According to the tourism minister, Edmund Bartlett, Jamaica, bar some upheaval, is on track to achieve the 5x5x5 equation that he set for this year.
That is, he expects that in 2025 the island will host at least five million visitors and gross no less than US$5 million from the tourism industry.
Mr Bartlett’s confidence was boosted by what he said was a strong December start to the winter tourist season, which caused him to project “a very strong first quarter of 2025”.
“That would set the pace for the rest of 2025, providing, of course, there are any other weather distractions and disruptions, as we call it,” he was quoted by the government’s Jamaica Information Service (JIS) as saying.
This newspaper, too, hopes that there are no disruptions and that Mr Bartlett not only meets, but surpasses, his targets.
We also hope, too, that the minister’s remarks provide a catalyst for a larger and deeper dialogue, on how Jamaica might more deeply integrate its tourism industry into the rest of the economy. We expect that John Byles, after his recent tentative, even if skewed, intervention in that discussion, will become a robust participant in the debate.
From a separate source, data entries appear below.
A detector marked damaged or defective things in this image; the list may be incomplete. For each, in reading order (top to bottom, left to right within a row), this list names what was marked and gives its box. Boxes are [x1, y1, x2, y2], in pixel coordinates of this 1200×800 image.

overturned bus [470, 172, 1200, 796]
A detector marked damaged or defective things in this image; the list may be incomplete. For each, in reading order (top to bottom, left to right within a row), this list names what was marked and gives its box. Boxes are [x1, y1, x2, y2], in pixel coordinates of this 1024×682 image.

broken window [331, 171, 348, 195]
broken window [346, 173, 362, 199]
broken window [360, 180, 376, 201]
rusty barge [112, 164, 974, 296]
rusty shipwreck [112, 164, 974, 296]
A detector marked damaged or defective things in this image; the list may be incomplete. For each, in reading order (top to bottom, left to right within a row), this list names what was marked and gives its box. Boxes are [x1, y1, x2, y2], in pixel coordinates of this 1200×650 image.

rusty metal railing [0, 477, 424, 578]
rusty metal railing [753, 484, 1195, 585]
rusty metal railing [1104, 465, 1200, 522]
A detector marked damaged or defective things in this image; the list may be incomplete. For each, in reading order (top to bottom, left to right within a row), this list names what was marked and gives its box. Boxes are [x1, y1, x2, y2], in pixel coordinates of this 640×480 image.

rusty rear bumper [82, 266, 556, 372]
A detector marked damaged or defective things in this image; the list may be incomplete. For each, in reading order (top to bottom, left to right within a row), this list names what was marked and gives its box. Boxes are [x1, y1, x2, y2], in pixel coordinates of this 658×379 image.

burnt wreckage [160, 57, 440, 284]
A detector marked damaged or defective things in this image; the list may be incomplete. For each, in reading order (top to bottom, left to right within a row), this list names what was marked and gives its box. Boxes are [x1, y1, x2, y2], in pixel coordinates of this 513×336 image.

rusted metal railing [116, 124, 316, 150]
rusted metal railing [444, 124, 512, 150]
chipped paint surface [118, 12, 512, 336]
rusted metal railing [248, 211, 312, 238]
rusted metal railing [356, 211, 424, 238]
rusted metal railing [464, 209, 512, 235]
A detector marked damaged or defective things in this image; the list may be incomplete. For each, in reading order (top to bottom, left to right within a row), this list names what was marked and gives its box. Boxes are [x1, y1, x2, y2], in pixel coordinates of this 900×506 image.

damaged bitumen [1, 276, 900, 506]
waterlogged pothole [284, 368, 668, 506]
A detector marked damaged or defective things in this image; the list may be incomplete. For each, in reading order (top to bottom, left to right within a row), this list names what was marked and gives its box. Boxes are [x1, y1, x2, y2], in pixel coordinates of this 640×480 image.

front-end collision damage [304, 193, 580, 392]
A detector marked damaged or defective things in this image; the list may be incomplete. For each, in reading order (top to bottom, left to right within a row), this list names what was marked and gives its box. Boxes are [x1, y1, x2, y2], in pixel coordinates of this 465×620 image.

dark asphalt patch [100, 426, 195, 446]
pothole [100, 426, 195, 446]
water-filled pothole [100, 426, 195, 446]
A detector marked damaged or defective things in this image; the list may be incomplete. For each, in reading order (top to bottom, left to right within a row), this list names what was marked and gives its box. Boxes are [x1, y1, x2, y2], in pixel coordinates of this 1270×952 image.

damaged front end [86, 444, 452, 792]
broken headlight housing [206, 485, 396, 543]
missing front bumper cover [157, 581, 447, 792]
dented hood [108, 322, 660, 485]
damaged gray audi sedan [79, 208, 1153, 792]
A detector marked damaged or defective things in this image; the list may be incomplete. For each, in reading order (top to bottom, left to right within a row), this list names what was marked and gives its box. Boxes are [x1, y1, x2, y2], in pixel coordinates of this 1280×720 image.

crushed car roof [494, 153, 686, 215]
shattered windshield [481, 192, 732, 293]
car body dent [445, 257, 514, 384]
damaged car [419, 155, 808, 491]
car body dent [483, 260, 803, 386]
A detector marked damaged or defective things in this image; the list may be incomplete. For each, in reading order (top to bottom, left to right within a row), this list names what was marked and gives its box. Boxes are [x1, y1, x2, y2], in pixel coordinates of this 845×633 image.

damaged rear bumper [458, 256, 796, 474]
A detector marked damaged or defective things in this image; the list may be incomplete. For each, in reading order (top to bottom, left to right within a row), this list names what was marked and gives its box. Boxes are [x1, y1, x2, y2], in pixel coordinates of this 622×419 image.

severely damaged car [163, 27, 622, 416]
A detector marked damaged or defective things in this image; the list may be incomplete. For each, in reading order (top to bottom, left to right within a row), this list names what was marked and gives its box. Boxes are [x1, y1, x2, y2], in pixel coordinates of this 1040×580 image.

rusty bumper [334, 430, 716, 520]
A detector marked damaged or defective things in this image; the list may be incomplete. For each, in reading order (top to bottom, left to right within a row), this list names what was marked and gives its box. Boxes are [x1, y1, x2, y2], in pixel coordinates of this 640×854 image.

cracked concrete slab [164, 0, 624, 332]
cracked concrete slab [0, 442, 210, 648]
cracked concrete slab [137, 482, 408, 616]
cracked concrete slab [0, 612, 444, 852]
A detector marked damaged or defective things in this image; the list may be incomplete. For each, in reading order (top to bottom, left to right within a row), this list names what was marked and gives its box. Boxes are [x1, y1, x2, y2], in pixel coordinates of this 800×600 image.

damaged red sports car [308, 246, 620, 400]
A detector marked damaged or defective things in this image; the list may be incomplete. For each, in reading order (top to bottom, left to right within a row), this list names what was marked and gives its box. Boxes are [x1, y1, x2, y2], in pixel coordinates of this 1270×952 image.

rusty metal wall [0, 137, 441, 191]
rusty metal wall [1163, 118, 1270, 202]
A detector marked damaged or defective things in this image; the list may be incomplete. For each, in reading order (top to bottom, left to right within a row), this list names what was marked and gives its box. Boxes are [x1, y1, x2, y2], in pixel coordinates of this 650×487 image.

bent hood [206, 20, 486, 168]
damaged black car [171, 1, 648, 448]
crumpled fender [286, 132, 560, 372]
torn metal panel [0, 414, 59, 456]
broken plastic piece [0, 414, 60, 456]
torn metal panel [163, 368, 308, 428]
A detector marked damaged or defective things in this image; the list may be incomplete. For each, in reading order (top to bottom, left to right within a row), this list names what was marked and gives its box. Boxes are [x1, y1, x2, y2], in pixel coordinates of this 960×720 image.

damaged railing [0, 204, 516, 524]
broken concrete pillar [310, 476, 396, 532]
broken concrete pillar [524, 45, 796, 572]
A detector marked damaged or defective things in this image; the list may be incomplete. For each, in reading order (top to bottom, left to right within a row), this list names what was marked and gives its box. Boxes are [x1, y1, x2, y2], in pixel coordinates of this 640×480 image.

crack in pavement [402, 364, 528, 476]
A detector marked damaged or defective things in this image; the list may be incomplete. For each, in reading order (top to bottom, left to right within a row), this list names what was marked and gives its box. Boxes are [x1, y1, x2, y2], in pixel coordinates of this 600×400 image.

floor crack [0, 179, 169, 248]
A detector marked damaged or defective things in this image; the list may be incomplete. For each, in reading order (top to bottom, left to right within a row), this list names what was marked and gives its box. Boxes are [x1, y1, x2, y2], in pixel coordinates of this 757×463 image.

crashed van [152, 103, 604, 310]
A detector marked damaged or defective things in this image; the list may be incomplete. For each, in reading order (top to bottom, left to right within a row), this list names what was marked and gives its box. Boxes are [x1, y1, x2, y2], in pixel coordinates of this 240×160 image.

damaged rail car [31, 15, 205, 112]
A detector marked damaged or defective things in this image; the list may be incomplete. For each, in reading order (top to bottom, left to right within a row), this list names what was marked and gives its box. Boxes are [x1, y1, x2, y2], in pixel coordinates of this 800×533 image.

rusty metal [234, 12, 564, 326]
In that event, we commend to Mr Byles The Gleaner’s several recent editorials (including the one on which he commented in his January 3 letter to the newspaper) about tourism’s potential for deepening and broadening its linkages in the economy, in the context of a structured industrial policy for Jamaica.
ESSENTIALLY FLAT
In that JIS report, Mr Bartlett said that the island received 4.3 million visitors in 2024 and earned US$4.3 billion. That, on its face, suggests that tourism arrivals and gross earnings were essentially flat last year, which is not unexpected given the “disruptions” caused by storms in the summer and negative travel advisories by the US government against travel to the island because of Jamaica’s high levels of crime.
Mr Bartlett doesn’t appear to have directly addressed these issues, but stressed the capacity of Jamaica’s tourism industry “to respond effectively to disruptions”.
“…That’s resilience and that’s what has become a guiding principle for tourism management in Jamaica – resilience,” Mr Bartlett said.
Should the minister’s projections hold, Jamaica would this year have around 700,000 more visitors than last year. And if the usual ratio is maintained, nearly seven in 10 tourists will be stopover visitors, meaning that they didn’t come on cruise ships, so stayed in hotels, villas or private homes, and, on average, spent around eight days on the island.
Earnings from the sector, on Mr Barlett’s analysis, will in 2025 be approximately 16 per cent higher than the previous year. By government estimates, approximately 40 per cent is retained by Jamaica, paying for the goods and services consumed by tourists that are clearly anchored in the island.
In responding to The Gleaner’s observations about a recent spate of strikes at large, foreign-owned hotels, the JTB’s Mr Byles suggested that we may have missed the plot by, he said, focusing “ on the status quo rather than exploring untapped potential for greater economic growth”.
“While acknowledging tourism’s resilience and recovery from challenges such as hurricanes and negative travel advisories, there is an apparent missed opportunity in examining what could be done to further optimise this vital industry,” Mr Byles wrote.
OPPORTUNITY FOR DIALOGUE
Yet, the editorial, to which he referred, noted that the strike was another opportunity for a dialogue on an “industrial policy aimed at pushing tourism further up the food chain of global efficiency and exploiting its potential for linkages with the rest of the economy”.
Last May, on the back of an announcement by Mr Bartlett of a “multi-dimensional impact assessment” of the sector to help inform plans for the construction of 20,000 additional hotel rooms over the next decade, The Gleaner noted the opportunity for the study to be part of a “project of developing an industrial policy that, among other things, establishes strong and competitive linkages between tourism and the rest of the economy”.
The bottomline was to ensure that more than 40 per cent of tourism’s earnings stayed in Jamaica and with Jamaican firms.
When Mr Bartlett recently spoke of the relative success of the Alex digital system that links domestic agricultural suppliers with hotel buyers, we noted the US government analysis that 65 per cent of Jamaica’s US$1.4 billion food import bill was largely for tourism consumption and the estimate by local experts that between a fifth and a quarter of those imports could be substituted by domestic production.
“Agriculture and tourism are two sectors that are emblematic of the possibilities for cooperation and coordination in the drive for the strong and sustainable growth which (Prime Minister Andrew) Holness hopes to achieve,” The Gleaner commented.
This was in the context of Mr Holness’ recent announcement of his government’s “pivot” to a drive for robust growth, from its previous concentration on macroeconomic stability, which this newspaper has used as a platform for its advocacy for an industrial policy, among whose aim is for Jamaica to extract greater value from its tourism industry.
The Gleaner and Mr Byles, it seems, are in concert on this question.